Top three motivating factors
When assessing your retention and recruitment efforts, consider how you need to adjust your policies, operating model, and benefits to support drivers where it is most important.
The top three motivating factors for company drivers and ICs/OOs were found to be:
# | Company driver | Percent rated as extremely important/ important | Independent contractor/ Owner-operator | Percent rated as extremely important/ important |
1 | Job security/stability | 90 | Independence/ability to set hours | 94 |
2 | Income | 83 | Schedule/flexibility | 93 |
3 | Health care/retirement savings | 79 | Choice of routes/ length of haul | 91 |
Most drivers consider these top three non-negotiables. If one of these aspects falls short of expectations, drivers will seek other opportunities sooner.
Company driver takeaways:
- They value a stable company and income, meaningful health care coverage, and options to maximize retirement savings.

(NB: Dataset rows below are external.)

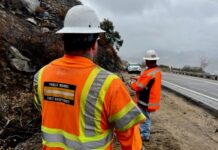 County Outlines Readiness Efforts Ahead of a Strong El Niño Season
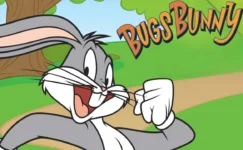 Bugs Bunny’nin Sesi Eric Bauza Hayatını Kaybetti
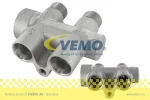 VEMO V15-99-2073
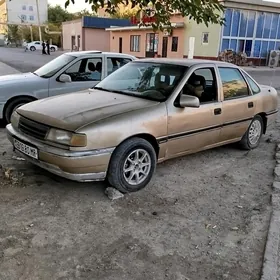 Opel Vectra 1990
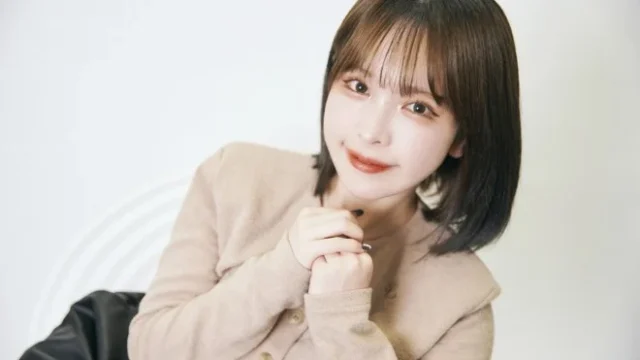 五彩緋夏（ひなちゃん5しゃい）の本当の死因は？死亡した理由を徹底調査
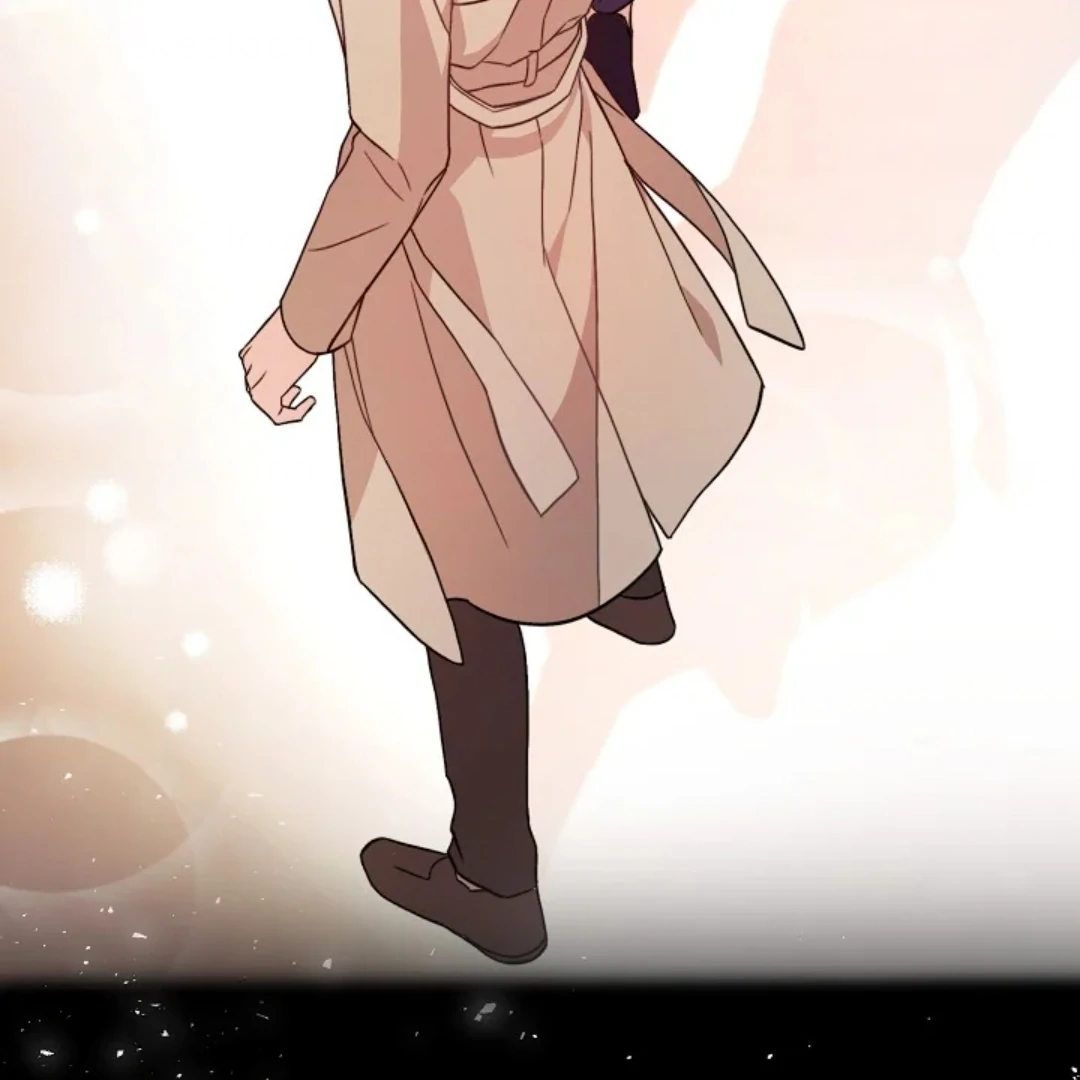 Masquerade Chapter 1 page 109 - 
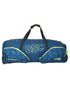 DSC Condor Flite Cricket Kit Bag - Wheelie - Medium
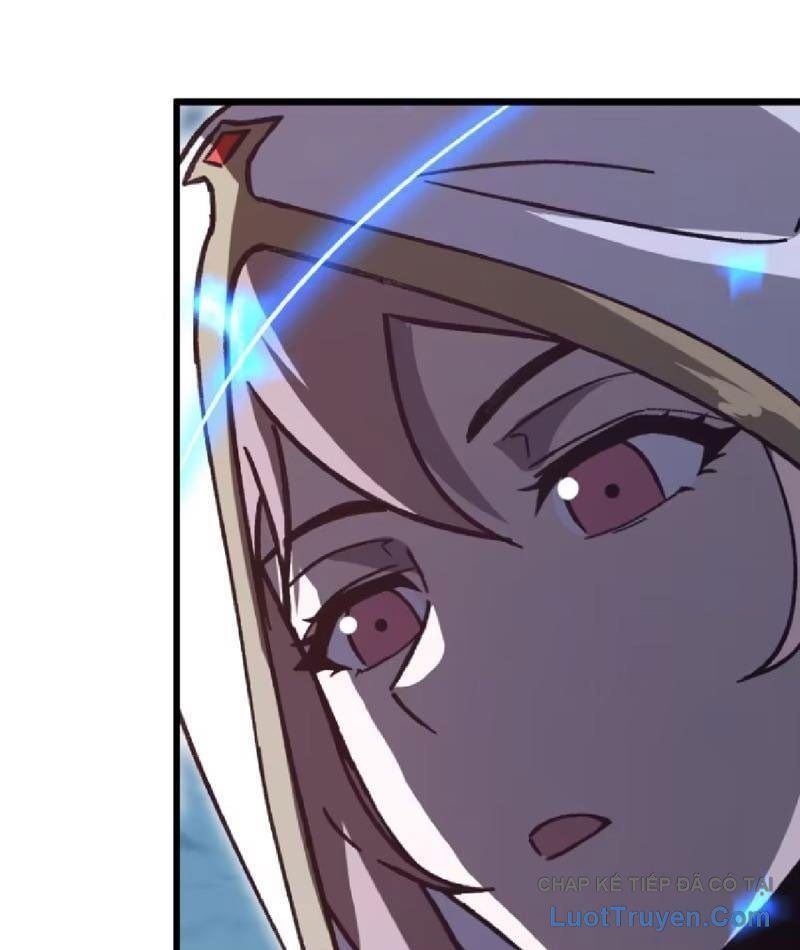 Dị Biến Giáng Lâm Nhân Gian: Kế Hoạch Thanh Trừ Người Chơi - Chapter 62 - Page 75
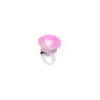 65947.jpg Anillo Tayter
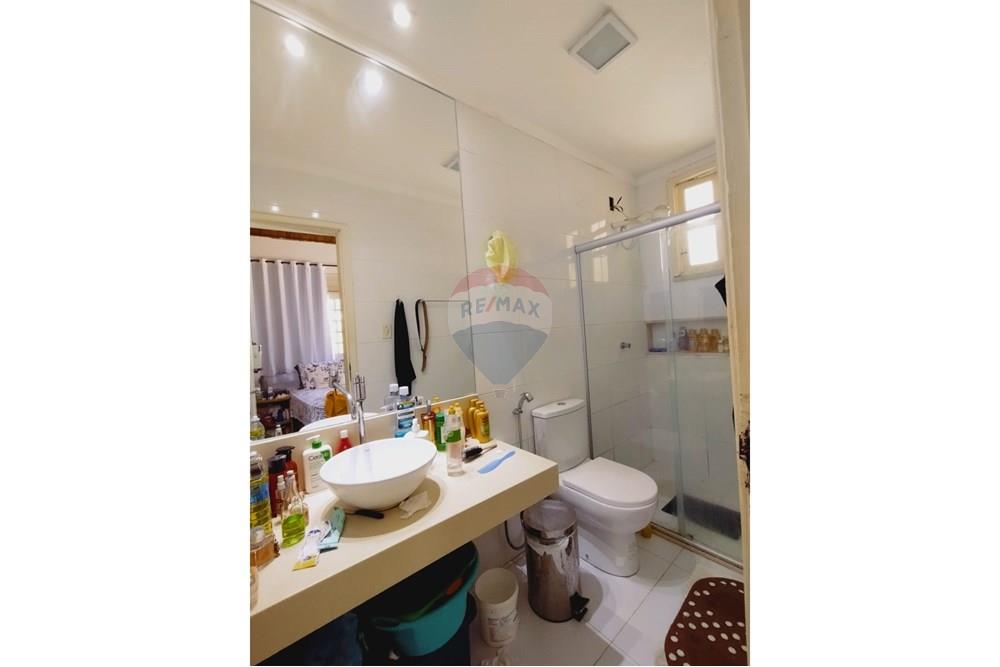 Chácara / Sítio / Fazenda - Venda - Aracaju , Sergipe - abd0f376-ec8f-4bef-a9cf-23275552134a.jpg - 850581145-197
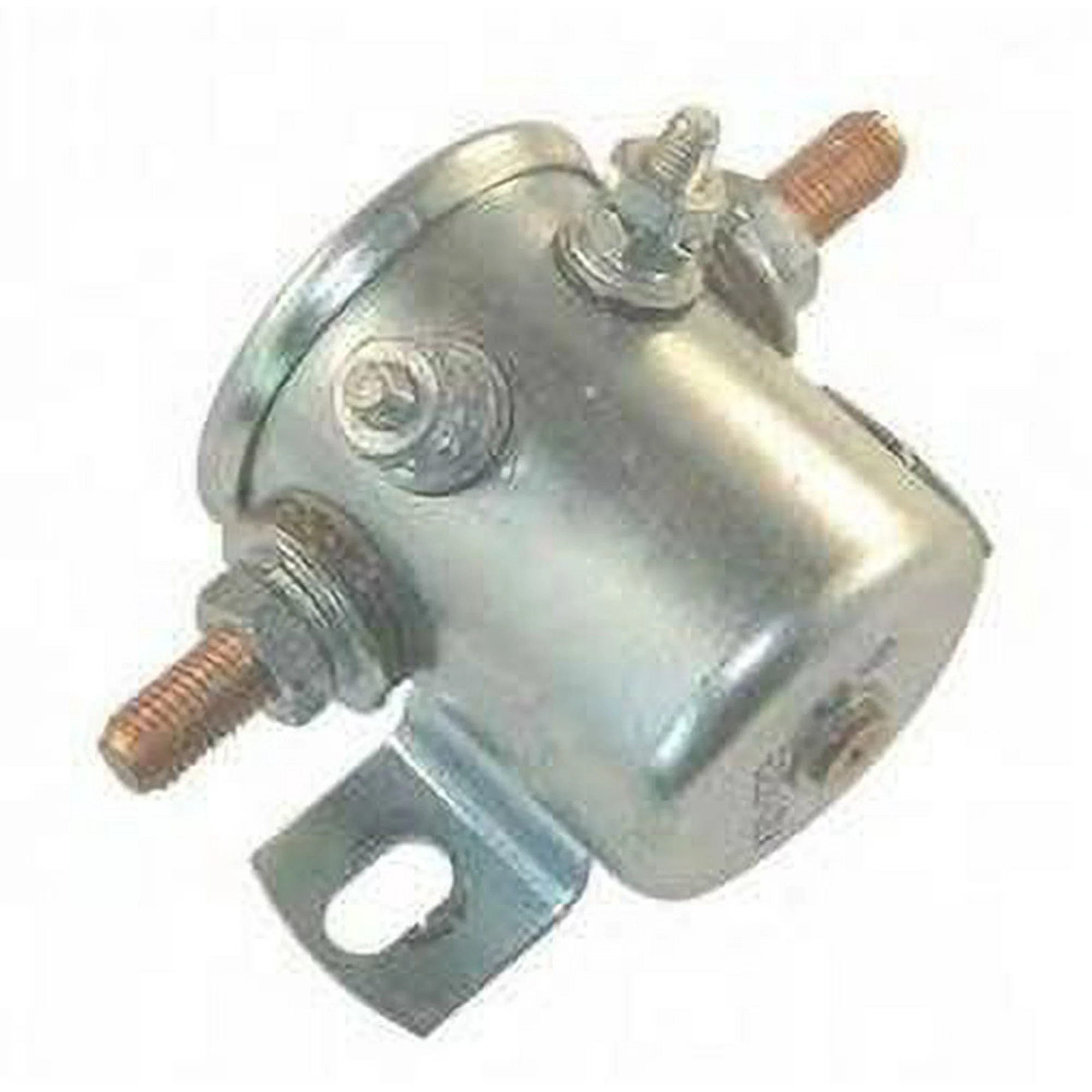 INTELLITEC 7790006120 Relay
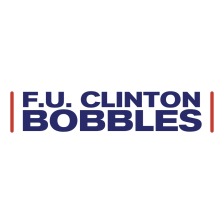 FU Trump Bobbles, LLC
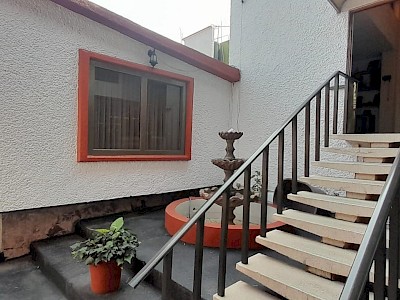 $10,498,000.00 APROVECHA GRAN CASA EN SAN MATEO, NAUCALPAN, EDOMEX.
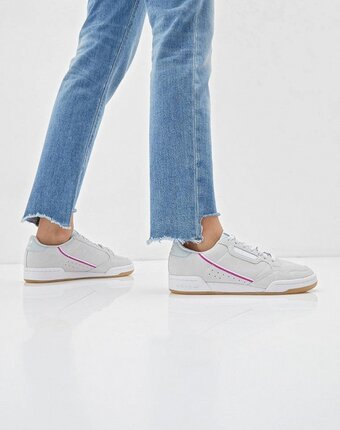 Миниатюра фотографии Кроссовки adidas originals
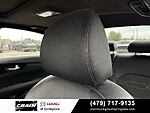 Used 2022 KIA FORTE GT-LINE in SPRINGDALE, ARKANSAS (Photo 21)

- Females’ top three responses were the same as males, with significantly more importance on each.
Actions:
- Consider reducing the waiting period for retirement plan participation from six months or longer, which is standard, to three months or less.
- Emphasize these themes truthfully when recruiting and keep your promises.
OO/IC takeaways:
- They value independence and the ability to determine how and when they run freight. Female independents felt even more strongly than males in the same areas.
- Over 80 percent were very satisfied or satisfied with their top three under current deals. This level of satisfaction is significant given the leased contractor model is under threat of elimination by laws such as California Assembly Bill 5 and potentially prohibited on a national level.
Action: Run a contractor model compliant with Department of Labor requirements to reduce driver concerns over violating laws.
Compensation methods
Understanding driver satisfaction with compensation amounts and methods is crucial to retaining drivers and recruitment success.
Respondents’ pay methods:
- Company drivers: 46.2 percent were paid by the mile and 27.7 percent by the hour. The remainder had salaries, activity-based pay, or a mix.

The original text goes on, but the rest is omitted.